Pepper Spraying a target in a deep pit wasn’t as simple as anyone thought. The tester had to lie face down with his hand stretched into the pit and Wrecks nearly caught anyone who tried. The scientists and METMA suits screamed and leaped back every time this happened. It was ridiculous. Tamara had to suppress a burst of insane laughter.
The METMA scientists had been using various substances on the Wrecks in the pit to study the effects. Up to now, though, everything they used could be applied at something like a safe distance. The one weakness of a can of Pepper Spray, it turns out, is that you have to be within reach to use it.
The incredibly angry scientist sighed and looked at Caleb. “You do it,” he said. Tam’s laughter stopped in her throat. She had heard his name used by some of the other METMA agents. They called him Zelinski.
“Hold on a second,” she said. She had a split-second vision of some off-the-rails boys’ club where the elders could order the execution of anyone lower down in the heirarchy. “Because he’s infected?”
“Yes,” said Zelinski. “Because he’s infected, they won’t attack him.”
“What do you mean?” said Caleb. There was a strange murmur among the other METMA guys. Like this knowledge was not meant for outsiders. But Zelinski apparently called his own tune.
“Wrecks can sense when someone is infected,” he said. “You’re safe.”

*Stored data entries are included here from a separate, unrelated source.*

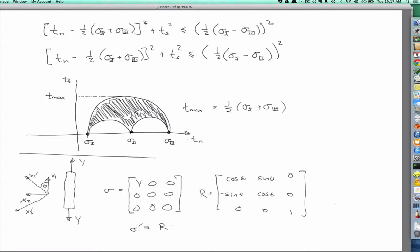If we compute r sigma r transpose, we find that the sigma prime 1,1 component equals y cosine squared theta, and the sigma prime 1,2 component equals y over 2 times sine theta cosine theta, which equals y over 2 times sine 2 theta. If we track theta from zero to pi, this reaches a maximum at 45 degrees.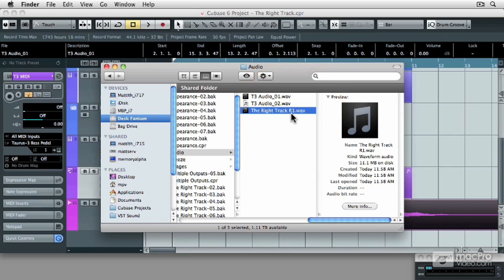And now in the next section, we're going to learn a lot more about Hallion Sonic SE, the synth workstation that comes with Cubase 6.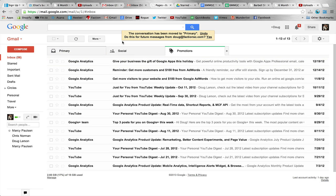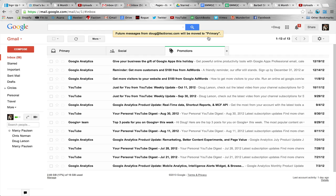Then it says, conversation has been moved to the primary tab. Do this for all future messages from Doug at FactionSC or Doug at BarbellStrug.com. Hit yes.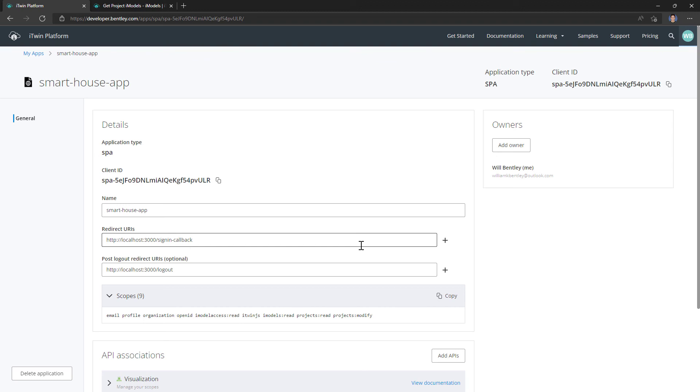You want to limit the scopes your app has access to as much as possible. Going back to the hotel analogy, you don't want people getting to areas of the hotel where they're not permitted.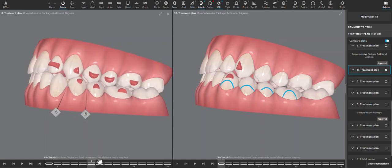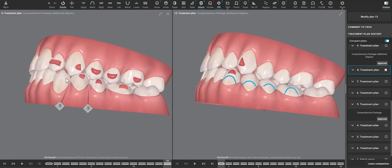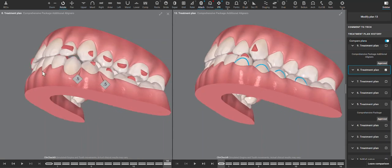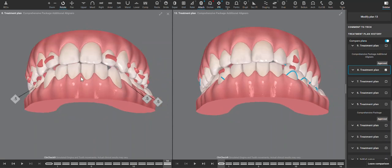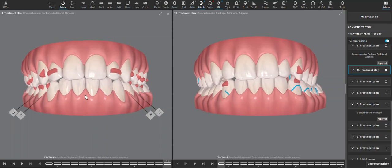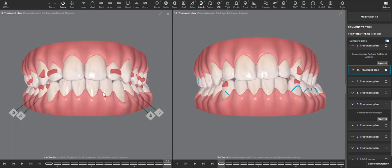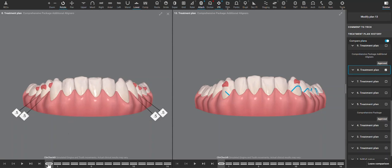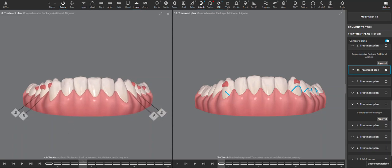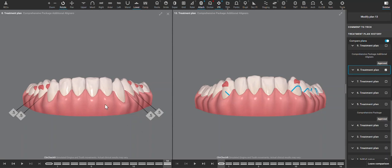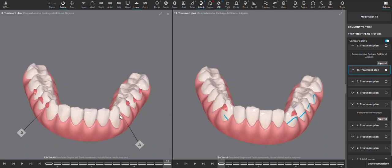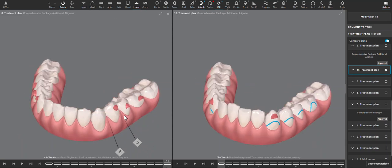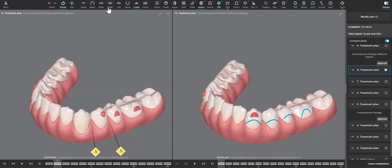Now, any of the intrusion I think needs to be over-corrected, because intrusion is a movement that the body tends to resist. So I would have on the ClinCheck here, if just critiquing it, planned for more intrusion rather than just retracting back.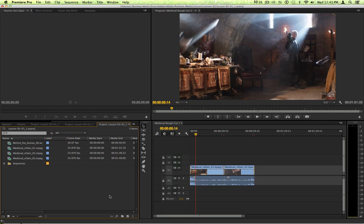Hi, this is Janet from Manhattan Edit Workshop and today I want to show you how to make a trimmed version of your project in Premiere Pro.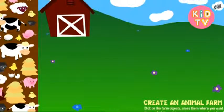Print. To create your own animal farm, click on one of the animals or objects. Then move the mouse to where you want it and click again.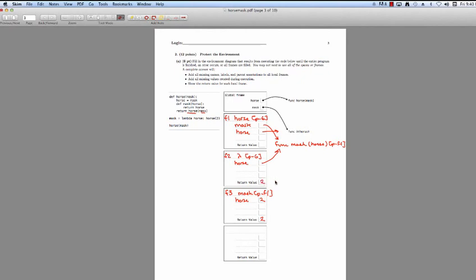And finally, the first call we made — this horse call — is going to return the value of the lambda expression that we called. Our return value of the lambda is 2, so we return 2. And now we've finished with our environment diagram. If you have any questions, feel free to post in the follow-up.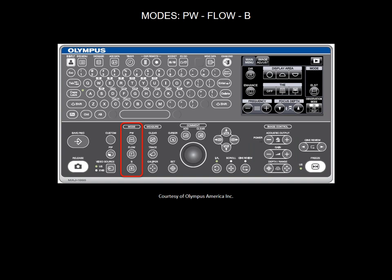Let's review now the ultrasound modes. There are three modes you can choose from. The B mode, otherwise known as the brightness mode. It displays a two-dimensional gray scale image on the screen.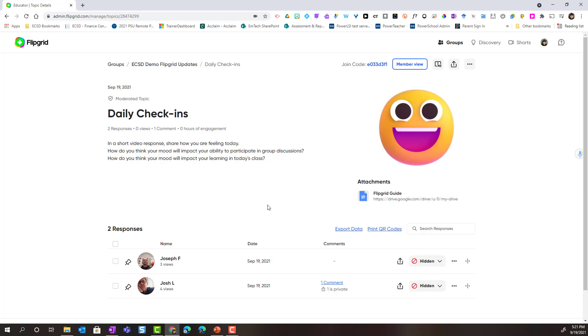I can go ahead and leave feedback for Joseph and Josh by simply clicking on their videos to get started. Let's open up Joseph's video.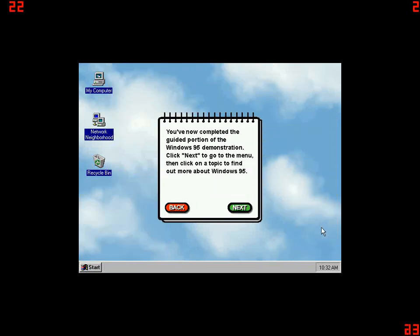You've now completed the guided portion of the Windows 95 demonstration. Click Next to go to the menu. Then click on a topic to find out more about Windows 95.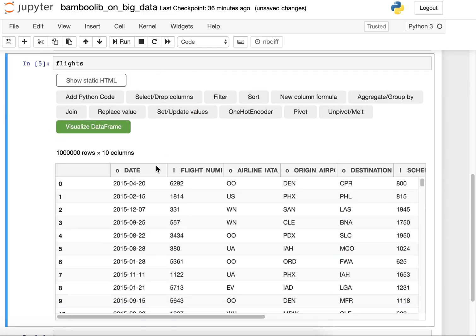To start, one row is a flight which has a date, a number and the airline code and some other information.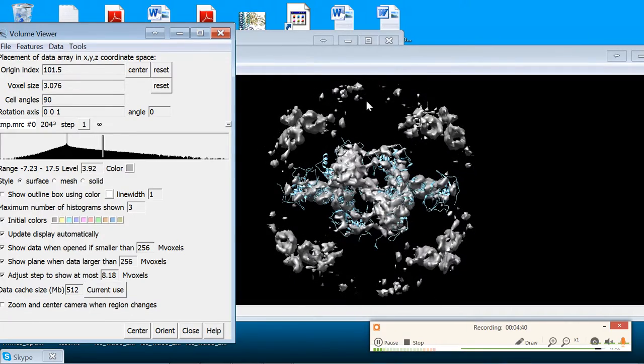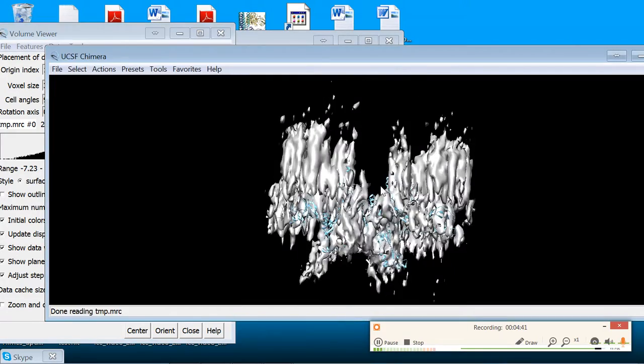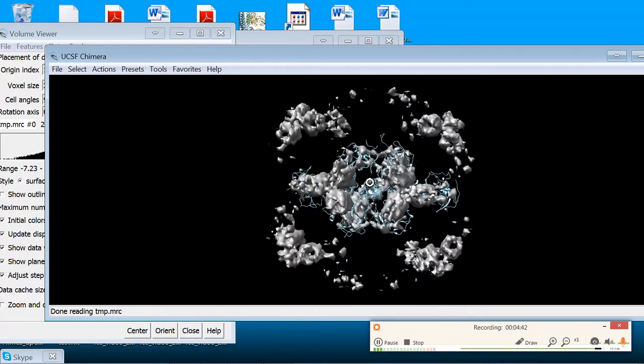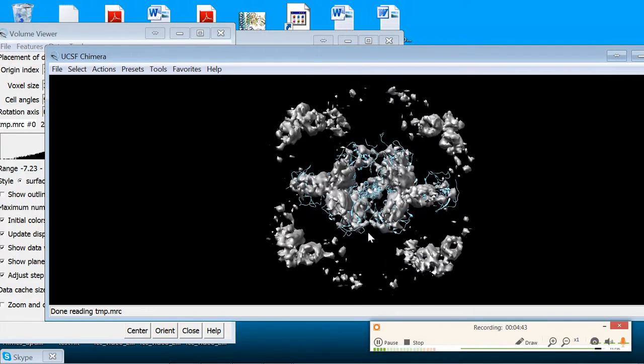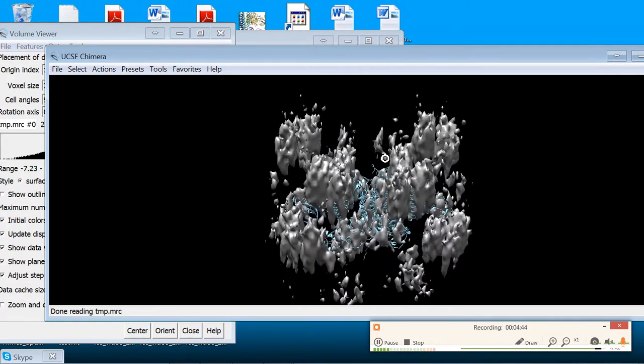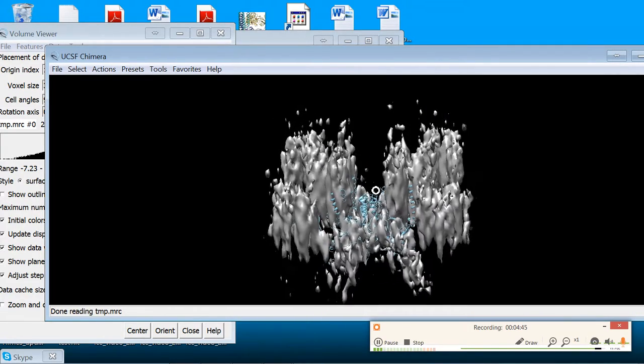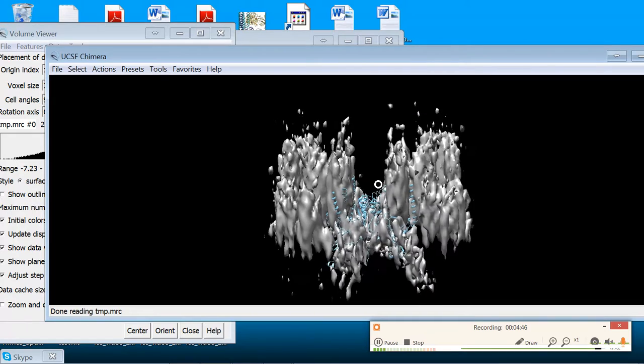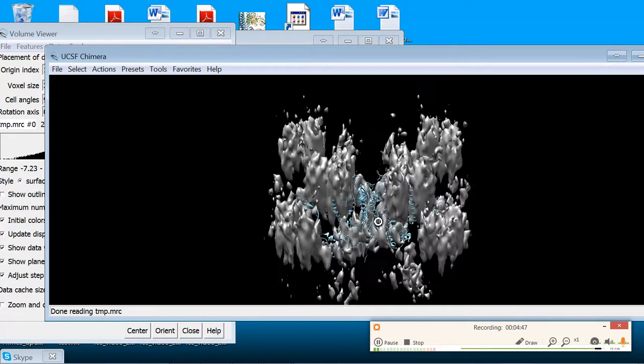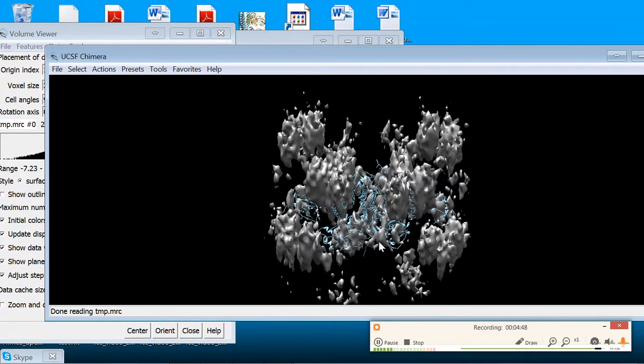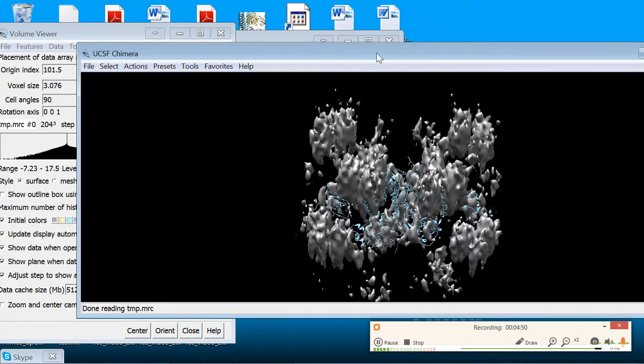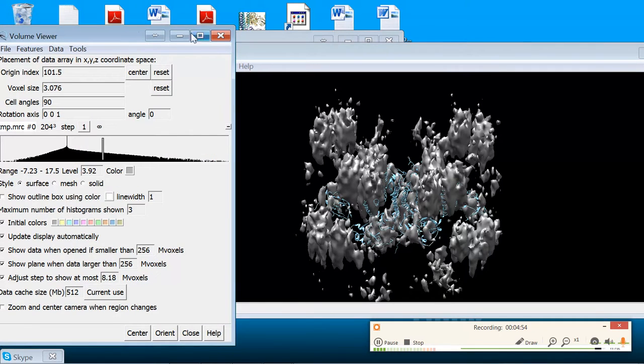And that now you have a map that is well aligned to the model. Now, I don't have VMD on this laptop. I pretty much just use this for Word and whatever else I have to unfortunately use Microsoft for. But I promise that if you open this in VMD, it will come out just the same.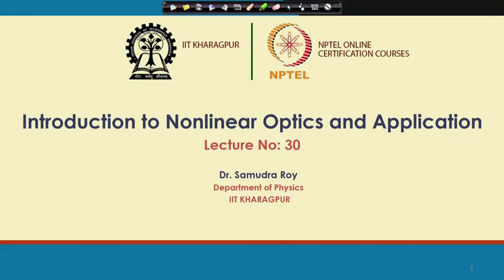Welcome to lecture number 30 of Introduction to Non-linear Optics and its Applications. In the previous class we learned about quasi phase matching, mainly the calculation part. In quasi phase matching, the important thing is that we have an arrangement where the value of d is periodically changing — specifically, the sign of d changes periodically from plus 1 to minus 1.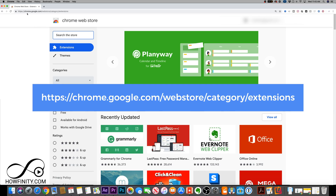The best way to do it on a computer without getting too technical is by using a block extension on the Chrome browser. If people are using Chrome to browse the Internet, you can use an extension to block websites. Go to the link below to visit the Chrome extension store.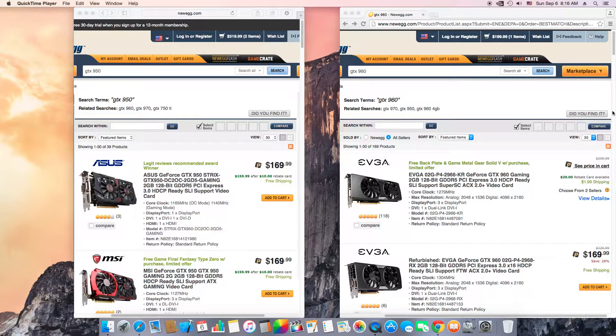What's up guys, this is Sunny and today I'm here with a quick video. GTX 950, should you buy or should you buy GTX 960?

Caleb looked at the pit, where the Wrecks were milling around like those Italians who stomp on grapes to make wine. Except they were stomping on human organs and bones. He wasn’t sure about it, and Tam couldn’t blame him. Zelinski shouted hoarsely, “Oh come on. They don’t attack each other, right? They can smell it in you. You’re seen as one of them. Let’s go.”
So Caleb took the can and lay down on the floor with one arm dangling into the pit. Tam found she was curious. And ashamed of it. Sure enough, the Wrecks sensed him but didn’t move to grab that arm, bite it, or rip it off. They concentrated on the uninfected forms. It was disgusting. They were like starving animals.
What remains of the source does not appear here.